▸ Action item: Begin at the line containing "Bague Or Jaune" in the data below and go on through the line containing "helicopter for election", repeating each line exactly; include both ends and no other line.

[Dataset items]
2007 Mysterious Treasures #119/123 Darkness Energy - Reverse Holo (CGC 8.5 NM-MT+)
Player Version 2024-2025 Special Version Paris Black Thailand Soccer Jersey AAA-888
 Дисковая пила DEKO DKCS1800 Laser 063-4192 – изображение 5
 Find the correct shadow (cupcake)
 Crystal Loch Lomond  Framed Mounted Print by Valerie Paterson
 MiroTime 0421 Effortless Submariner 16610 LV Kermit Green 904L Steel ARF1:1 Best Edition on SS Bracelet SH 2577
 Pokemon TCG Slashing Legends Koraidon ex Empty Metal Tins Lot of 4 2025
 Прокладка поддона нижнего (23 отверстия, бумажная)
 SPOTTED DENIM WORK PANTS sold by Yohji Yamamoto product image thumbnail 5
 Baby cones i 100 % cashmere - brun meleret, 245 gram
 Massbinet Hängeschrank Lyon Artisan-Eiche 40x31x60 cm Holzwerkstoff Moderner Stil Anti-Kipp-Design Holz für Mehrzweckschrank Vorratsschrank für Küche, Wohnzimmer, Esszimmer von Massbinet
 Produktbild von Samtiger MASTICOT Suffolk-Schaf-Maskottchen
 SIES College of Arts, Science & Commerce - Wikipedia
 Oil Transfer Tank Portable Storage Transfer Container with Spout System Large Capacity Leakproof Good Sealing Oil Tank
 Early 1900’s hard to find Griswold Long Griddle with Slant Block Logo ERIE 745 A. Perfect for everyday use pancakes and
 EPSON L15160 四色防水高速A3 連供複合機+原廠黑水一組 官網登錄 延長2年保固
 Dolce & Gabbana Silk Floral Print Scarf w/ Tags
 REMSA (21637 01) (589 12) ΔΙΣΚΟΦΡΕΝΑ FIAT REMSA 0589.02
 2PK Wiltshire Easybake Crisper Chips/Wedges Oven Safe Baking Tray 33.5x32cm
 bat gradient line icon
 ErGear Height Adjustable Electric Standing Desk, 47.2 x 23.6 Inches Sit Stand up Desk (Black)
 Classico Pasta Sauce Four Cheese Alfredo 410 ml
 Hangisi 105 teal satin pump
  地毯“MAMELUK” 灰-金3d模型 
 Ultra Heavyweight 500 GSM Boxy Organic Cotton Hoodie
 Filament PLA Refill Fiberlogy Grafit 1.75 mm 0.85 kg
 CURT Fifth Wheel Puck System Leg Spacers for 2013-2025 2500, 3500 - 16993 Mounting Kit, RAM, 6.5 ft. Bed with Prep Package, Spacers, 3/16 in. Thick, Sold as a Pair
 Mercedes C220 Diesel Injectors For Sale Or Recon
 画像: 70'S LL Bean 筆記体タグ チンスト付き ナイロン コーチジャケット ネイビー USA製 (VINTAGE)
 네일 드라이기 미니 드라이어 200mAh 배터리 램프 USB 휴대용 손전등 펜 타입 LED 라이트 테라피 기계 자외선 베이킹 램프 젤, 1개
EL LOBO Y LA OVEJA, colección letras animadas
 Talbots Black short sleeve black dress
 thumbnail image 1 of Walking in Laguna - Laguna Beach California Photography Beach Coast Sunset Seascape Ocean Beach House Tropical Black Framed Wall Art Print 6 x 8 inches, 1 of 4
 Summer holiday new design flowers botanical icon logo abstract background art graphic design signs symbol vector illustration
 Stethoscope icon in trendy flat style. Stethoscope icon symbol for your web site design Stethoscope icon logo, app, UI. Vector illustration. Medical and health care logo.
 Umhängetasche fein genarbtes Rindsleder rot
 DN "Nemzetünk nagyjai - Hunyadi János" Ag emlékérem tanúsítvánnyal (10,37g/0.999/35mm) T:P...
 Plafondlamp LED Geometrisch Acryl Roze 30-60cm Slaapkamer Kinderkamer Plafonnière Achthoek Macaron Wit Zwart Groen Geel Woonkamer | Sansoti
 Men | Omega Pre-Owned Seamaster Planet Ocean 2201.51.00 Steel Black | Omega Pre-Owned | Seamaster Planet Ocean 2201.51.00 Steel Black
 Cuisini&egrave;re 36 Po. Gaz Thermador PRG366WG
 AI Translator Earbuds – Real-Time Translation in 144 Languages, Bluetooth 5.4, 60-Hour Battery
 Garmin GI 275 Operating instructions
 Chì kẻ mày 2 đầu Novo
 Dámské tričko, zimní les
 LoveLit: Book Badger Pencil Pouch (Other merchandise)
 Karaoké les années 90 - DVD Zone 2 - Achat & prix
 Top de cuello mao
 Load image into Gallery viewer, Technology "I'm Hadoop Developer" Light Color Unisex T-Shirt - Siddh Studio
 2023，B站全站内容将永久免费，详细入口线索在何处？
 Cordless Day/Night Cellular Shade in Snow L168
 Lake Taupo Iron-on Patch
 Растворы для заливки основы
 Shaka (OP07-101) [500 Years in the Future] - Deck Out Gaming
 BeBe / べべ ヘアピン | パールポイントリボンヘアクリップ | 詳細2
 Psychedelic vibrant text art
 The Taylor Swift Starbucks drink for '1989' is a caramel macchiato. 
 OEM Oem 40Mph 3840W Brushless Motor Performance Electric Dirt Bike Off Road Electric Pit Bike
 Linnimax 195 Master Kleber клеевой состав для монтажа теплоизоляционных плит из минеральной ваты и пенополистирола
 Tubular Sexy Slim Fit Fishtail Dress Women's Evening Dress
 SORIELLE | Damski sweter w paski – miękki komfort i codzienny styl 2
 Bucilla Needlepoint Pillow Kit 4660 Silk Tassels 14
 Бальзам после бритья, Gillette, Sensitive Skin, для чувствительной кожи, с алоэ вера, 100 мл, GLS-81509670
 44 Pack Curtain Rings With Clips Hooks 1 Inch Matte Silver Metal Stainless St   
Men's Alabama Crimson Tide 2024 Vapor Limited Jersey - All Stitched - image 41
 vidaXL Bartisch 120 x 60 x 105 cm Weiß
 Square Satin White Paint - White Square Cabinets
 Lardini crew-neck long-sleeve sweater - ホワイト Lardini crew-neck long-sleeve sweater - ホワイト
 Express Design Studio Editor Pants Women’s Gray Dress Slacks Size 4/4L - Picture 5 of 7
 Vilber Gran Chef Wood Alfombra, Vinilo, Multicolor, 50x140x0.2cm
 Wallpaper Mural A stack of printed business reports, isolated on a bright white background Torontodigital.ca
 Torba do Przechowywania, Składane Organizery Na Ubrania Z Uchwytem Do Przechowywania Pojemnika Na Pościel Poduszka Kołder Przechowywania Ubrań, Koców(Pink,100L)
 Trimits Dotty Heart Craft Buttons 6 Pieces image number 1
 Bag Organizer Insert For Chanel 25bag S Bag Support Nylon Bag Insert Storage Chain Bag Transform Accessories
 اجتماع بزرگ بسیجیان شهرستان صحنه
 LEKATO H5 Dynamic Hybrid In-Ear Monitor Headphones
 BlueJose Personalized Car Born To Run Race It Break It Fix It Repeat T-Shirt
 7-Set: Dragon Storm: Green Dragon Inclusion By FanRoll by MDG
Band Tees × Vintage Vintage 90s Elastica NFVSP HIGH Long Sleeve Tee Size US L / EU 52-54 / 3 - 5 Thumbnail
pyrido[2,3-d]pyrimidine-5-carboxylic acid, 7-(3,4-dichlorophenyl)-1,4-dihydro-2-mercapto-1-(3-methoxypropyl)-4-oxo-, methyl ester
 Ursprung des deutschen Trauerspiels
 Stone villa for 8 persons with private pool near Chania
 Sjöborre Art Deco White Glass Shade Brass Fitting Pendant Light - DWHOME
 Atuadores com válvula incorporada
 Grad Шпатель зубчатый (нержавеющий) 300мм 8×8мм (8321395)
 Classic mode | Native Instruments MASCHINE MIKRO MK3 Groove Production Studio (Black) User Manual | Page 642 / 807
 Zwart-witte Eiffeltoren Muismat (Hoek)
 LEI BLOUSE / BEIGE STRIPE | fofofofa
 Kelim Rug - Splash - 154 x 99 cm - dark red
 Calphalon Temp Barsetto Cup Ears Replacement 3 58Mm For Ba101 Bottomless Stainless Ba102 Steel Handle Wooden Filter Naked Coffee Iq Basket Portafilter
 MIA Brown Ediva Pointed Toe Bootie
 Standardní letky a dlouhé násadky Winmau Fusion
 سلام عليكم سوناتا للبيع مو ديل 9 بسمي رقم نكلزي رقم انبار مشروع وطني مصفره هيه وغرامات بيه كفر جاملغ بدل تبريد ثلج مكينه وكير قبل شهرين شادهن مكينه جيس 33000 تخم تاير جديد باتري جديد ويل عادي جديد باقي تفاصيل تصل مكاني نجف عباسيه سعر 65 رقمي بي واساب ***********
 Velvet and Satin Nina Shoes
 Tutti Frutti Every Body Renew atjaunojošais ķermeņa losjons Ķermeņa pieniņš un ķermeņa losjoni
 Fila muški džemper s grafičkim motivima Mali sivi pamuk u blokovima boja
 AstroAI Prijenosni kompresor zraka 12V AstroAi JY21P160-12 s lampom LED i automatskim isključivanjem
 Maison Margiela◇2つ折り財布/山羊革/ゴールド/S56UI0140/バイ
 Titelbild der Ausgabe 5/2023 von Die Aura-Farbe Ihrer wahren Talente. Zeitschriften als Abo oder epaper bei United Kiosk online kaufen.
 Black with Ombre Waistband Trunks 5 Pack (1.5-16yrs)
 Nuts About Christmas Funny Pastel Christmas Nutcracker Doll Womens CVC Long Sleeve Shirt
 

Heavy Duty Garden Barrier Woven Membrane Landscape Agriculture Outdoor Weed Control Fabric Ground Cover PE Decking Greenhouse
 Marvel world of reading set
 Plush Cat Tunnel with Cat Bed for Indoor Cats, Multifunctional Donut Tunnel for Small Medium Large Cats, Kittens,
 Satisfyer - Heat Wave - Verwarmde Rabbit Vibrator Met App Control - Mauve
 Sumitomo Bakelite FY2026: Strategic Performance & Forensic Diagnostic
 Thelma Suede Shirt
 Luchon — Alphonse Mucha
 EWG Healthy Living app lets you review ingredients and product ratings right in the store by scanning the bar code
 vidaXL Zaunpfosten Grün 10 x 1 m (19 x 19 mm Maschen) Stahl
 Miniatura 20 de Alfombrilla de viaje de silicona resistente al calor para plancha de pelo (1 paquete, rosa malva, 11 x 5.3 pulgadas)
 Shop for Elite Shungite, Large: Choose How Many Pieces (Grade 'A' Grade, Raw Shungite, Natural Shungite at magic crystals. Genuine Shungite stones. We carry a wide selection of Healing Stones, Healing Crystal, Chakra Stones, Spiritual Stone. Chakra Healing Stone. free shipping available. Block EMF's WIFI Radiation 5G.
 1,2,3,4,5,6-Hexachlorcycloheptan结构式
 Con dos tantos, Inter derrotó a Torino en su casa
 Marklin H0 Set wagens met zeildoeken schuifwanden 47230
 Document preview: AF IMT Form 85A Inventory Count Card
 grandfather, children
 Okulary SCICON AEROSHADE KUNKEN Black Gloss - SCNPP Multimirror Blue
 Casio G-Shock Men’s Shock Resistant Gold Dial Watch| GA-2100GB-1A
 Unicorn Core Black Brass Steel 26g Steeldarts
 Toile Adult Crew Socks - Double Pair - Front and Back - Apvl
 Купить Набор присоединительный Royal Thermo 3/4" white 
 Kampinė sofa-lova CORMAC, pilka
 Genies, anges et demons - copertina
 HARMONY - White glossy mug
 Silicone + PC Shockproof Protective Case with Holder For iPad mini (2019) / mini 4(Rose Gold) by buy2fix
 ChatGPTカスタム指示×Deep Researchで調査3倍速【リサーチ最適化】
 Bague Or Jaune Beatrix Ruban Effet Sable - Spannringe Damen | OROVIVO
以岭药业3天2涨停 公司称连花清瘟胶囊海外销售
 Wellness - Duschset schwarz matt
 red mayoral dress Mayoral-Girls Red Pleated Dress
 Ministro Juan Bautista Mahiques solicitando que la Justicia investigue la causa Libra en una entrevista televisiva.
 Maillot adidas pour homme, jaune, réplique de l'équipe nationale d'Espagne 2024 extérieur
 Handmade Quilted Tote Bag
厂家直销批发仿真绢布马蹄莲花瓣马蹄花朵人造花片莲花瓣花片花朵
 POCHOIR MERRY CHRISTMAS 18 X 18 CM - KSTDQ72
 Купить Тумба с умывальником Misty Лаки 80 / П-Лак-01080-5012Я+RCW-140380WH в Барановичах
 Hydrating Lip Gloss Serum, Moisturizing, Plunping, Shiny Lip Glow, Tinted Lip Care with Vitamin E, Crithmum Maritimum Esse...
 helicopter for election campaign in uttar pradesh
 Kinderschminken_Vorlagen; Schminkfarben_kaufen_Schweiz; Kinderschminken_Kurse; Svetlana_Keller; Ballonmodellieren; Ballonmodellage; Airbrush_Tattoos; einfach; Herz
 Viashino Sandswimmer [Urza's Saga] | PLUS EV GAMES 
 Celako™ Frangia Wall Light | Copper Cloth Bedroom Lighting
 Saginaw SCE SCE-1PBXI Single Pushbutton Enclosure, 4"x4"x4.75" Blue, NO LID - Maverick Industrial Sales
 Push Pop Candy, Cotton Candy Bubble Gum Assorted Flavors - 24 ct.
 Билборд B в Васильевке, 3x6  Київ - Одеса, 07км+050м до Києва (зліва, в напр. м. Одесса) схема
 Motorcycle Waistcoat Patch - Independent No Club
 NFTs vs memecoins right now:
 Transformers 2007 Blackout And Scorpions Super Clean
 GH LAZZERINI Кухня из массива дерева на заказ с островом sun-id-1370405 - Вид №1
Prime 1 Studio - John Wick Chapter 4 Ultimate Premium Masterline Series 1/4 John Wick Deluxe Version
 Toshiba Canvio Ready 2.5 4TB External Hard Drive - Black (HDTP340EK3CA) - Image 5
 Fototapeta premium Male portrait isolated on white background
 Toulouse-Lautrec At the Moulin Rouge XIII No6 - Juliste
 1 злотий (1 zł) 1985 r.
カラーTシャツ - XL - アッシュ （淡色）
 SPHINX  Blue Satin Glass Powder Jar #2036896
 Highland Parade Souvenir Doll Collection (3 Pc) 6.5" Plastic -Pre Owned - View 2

▸ Output below:
 Bague Or Jaune Beatrix Ruban Effet Sable - Spannringe Damen | OROVIVO
以岭药业3天2涨停 公司称连花清瘟胶囊海外销售
 Wellness - Duschset schwarz matt
 red mayoral dress Mayoral-Girls Red Pleated Dress
 Ministro Juan Bautista Mahiques solicitando que la Justicia investigue la causa Libra en una entrevista televisiva.
 Maillot adidas pour homme, jaune, réplique de l'équipe nationale d'Espagne 2024 extérieur
 Handmade Quilted Tote Bag
厂家直销批发仿真绢布马蹄莲花瓣马蹄花朵人造花片莲花瓣花片花朵
 POCHOIR MERRY CHRISTMAS 18 X 18 CM - KSTDQ72
 Купить Тумба с умывальником Misty Лаки 80 / П-Лак-01080-5012Я+RCW-140380WH в Барановичах
 Hydrating Lip Gloss Serum, Moisturizing, Plunping, Shiny Lip Glow, Tinted Lip Care with Vitamin E, Crithmum Maritimum Esse...
 helicopter for election campaign in uttar pradesh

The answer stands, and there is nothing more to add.